Each line of the listing below must be retyped exactly, with images left out.

### Collected data

++++++++++

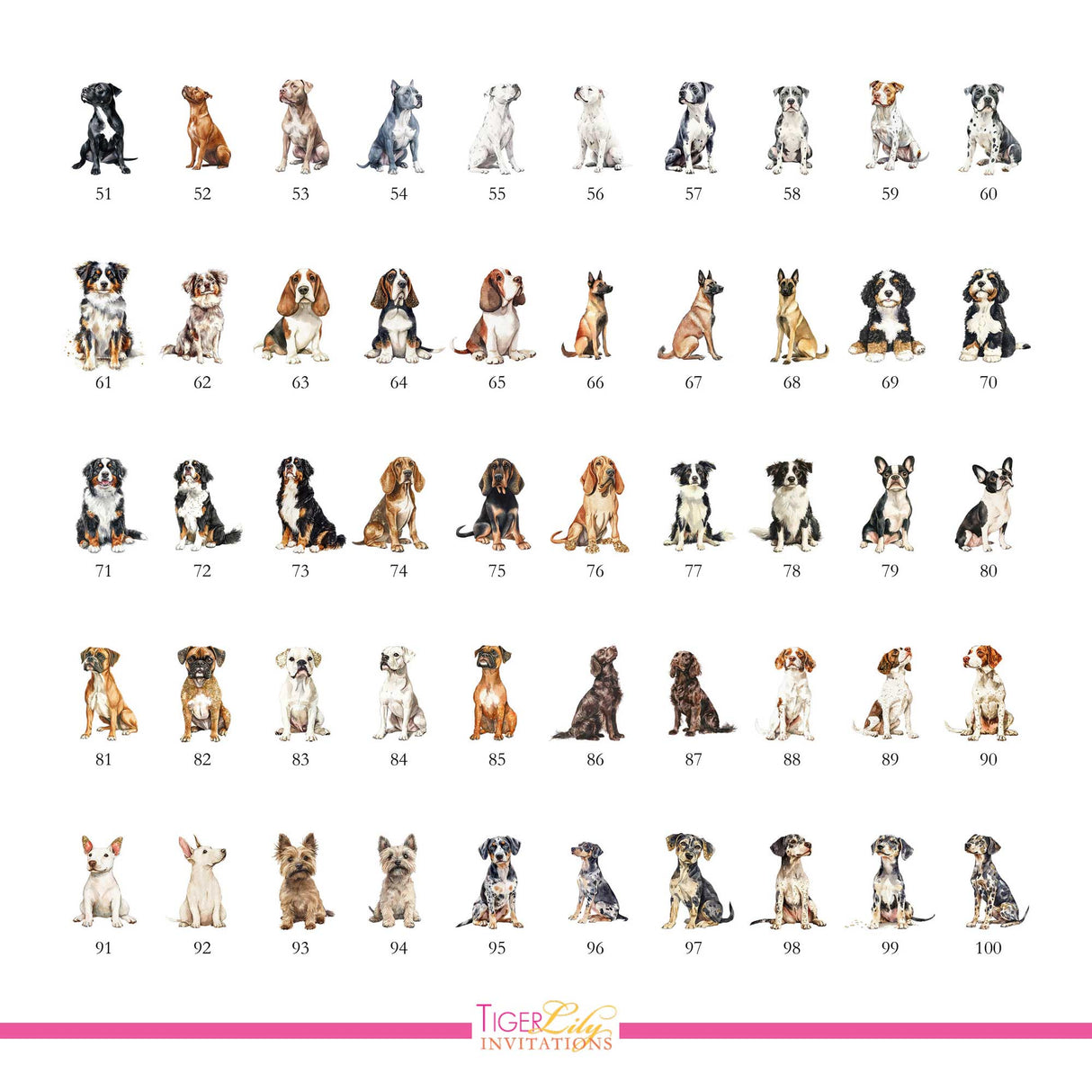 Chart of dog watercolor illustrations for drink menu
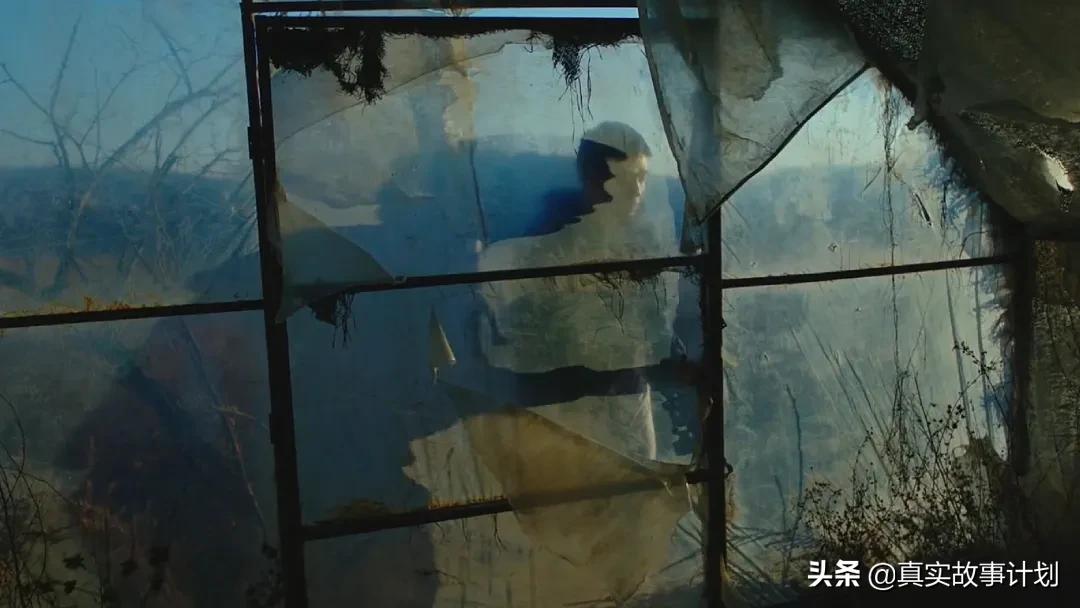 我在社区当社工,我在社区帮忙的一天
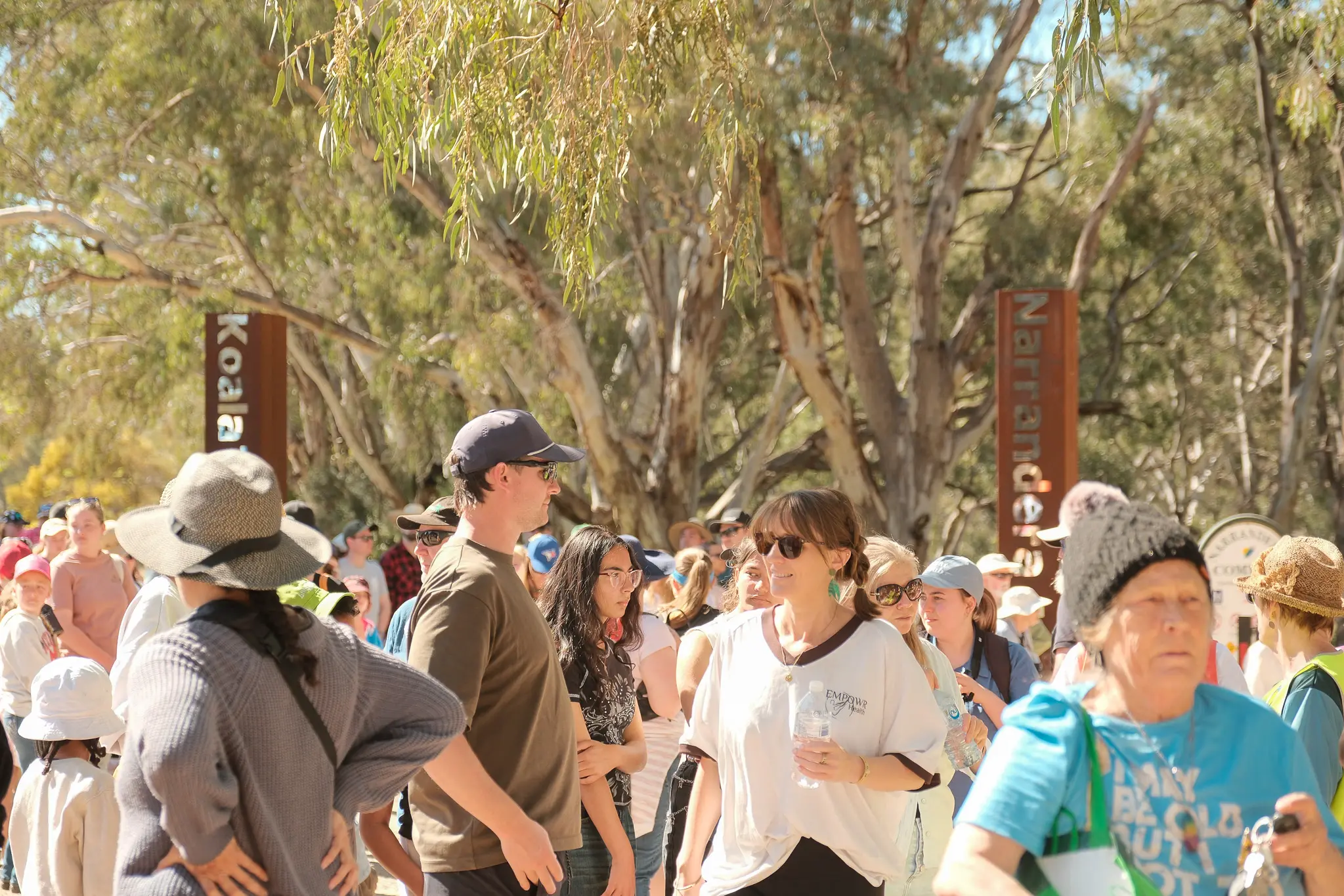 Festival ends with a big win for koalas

++++++++++

### Answer
 Chart of dog watercolor illustrations for drink menu
 我在社区当社工,我在社区帮忙的一天
 Festival ends with a big win for koalas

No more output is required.